On the Road to Semantics
By the mid-1990s, the computing community as a whole was falling in love with the idea of metadata, a way of providing Web pages with computer-readable instructions or labels that would be invisible to human readers.
To use an old metaphor, imagine the Web as a highway system, with hyperlinks as connecting roads. The early Web offered road signs readable by humans but meaningless to computers. A human might understand that “FatFelines.com” referred to cats, or that a link led to a veterinarian’s office, but computers, search engines, and software could not.
Metadata promised to add the missing signage. XML–the code underlying today’s complicated websites, which describes how to find and display content–emerged as one powerful variety. But even XML can’t serve as an ordering principle for the entire Web; it was designed to let Web developers label data with their own custom “tags”–as if different cities posted signs in related but mutually incomprehensible dialects.
In early 1996, researchers at the MIT-based World Wide Web Consortium (W3C) asked Miller, then an Ohio State graduate student and OCLC researcher, for his opinion on a different type of metadata proposal.

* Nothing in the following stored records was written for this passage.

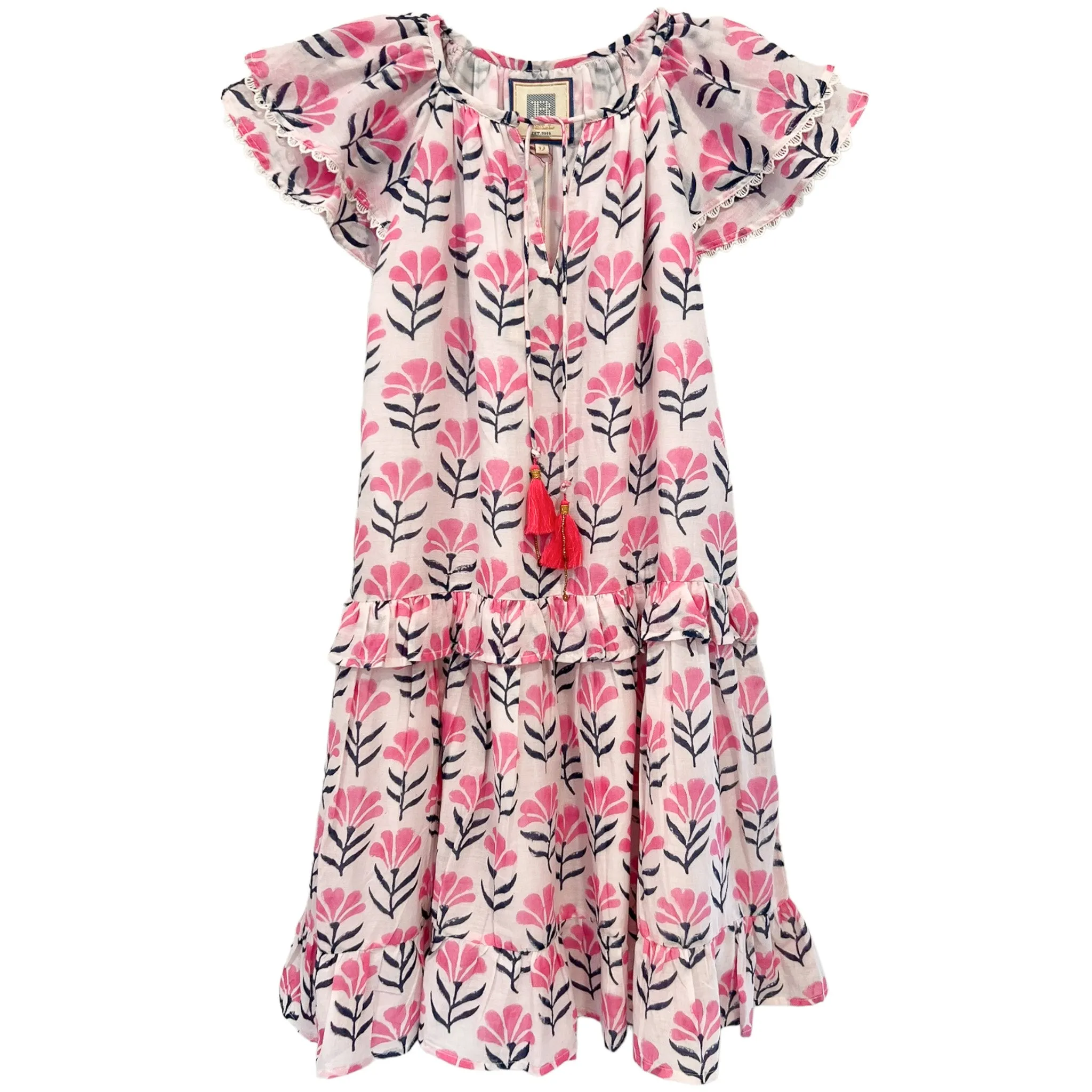 Sadie Dress sold by Alicia Bell product image thumbnail 4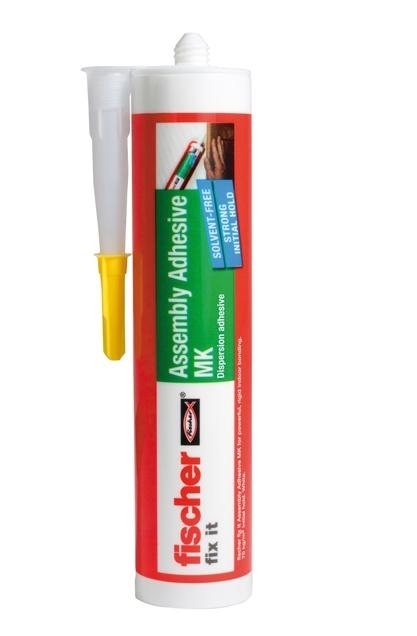Fischer Klej montażowy MK 310ml (53128)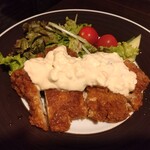 秘伝手羽先唐揚げと地鶏 焼き鳥 和個室 居酒屋 鳥心 - チキン南蛮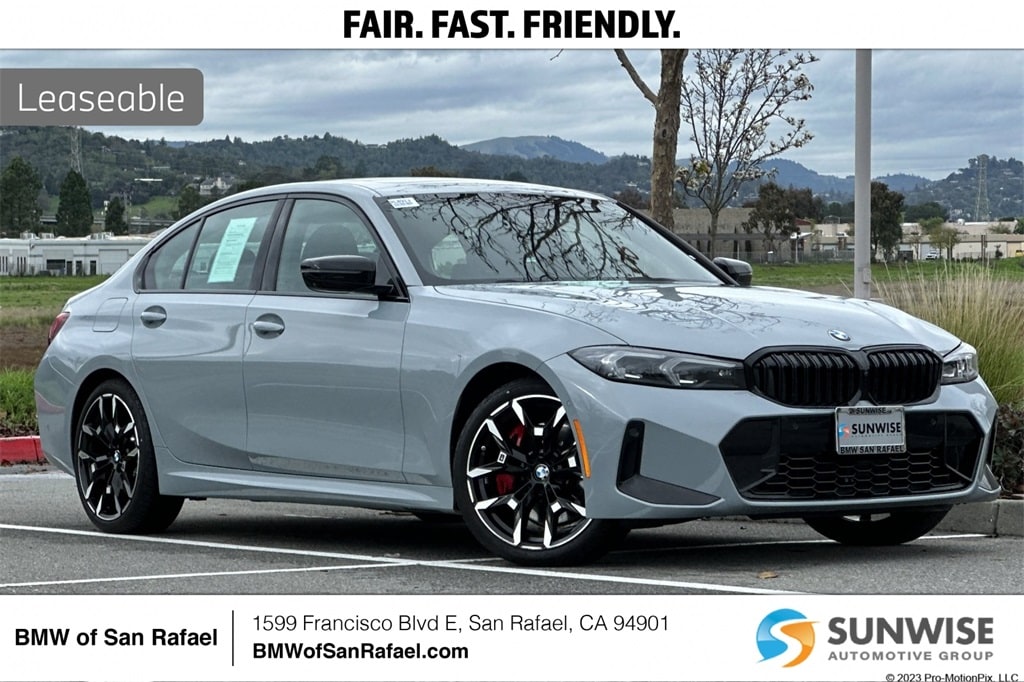 2025 BMW 3 Series 330i's photo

The U.S. Congress was looking for ways to keep children from being exposed to sexually explicit material online, and Web researchers had responded with a system of computer-readable labels identifying such content. The labels could be applied either by Web publishers or by ratings boards. Software could then use these labels to filter out objectionable content, if desired.
Miller, among others, saw larger possibilities. Why, he asked, limit the descriptive information associated with Web pages to their suitability for minors? If Web content was going to be labeled, why not use the same infrastructure to classify other information, like the price, subject, or title of a book for sale online? That kind of general-purpose metadata–which, unlike XML, would be consistent across sites–would be a boon to people, or computers, looking for things on the Web.